Your assignment
From the first line to the last, please reproduce the material exactly, skipping the pictures.

Stored data
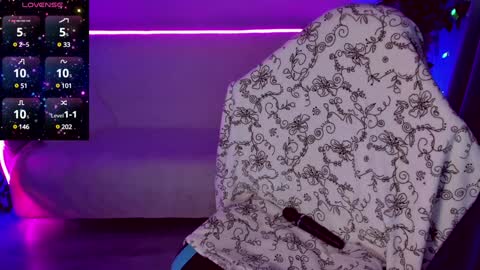 Snapshot of gloriagrays chatting on January 2025 07:53:01 PM gloriagrays online show from January 2025 07:53:01 PM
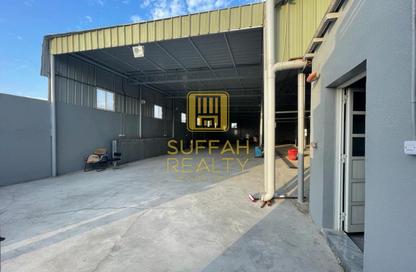Warehouse - Studio - 3 Bathrooms for rent in Al Qusais Industrial Area 1 - Al Qusais Industrial Area - Al Qusais - Dubai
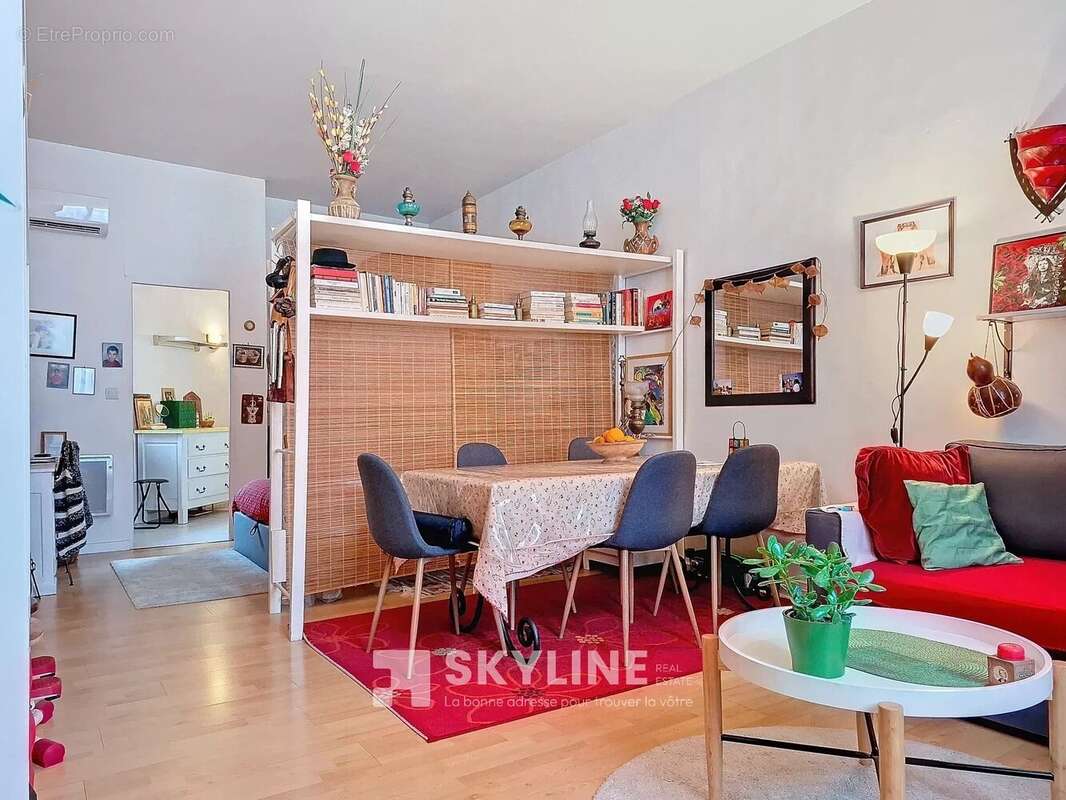 Appartement à MARSEILLE-6E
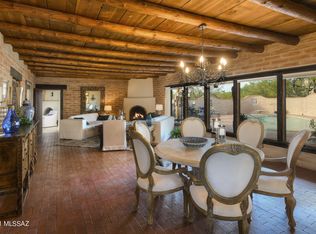 2815 E Cerrada, Tucson, AZ 85718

Task result
 Snapshot of gloriagrays chatting on January 2025 07:53:01 PM gloriagrays online show from January 2025 07:53:01 PM
Warehouse - Studio - 3 Bathrooms for rent in Al Qusais Industrial Area 1 - Al Qusais Industrial Area - Al Qusais - Dubai
 Appartement à MARSEILLE-6E
 2815 E Cerrada, Tucson, AZ 85718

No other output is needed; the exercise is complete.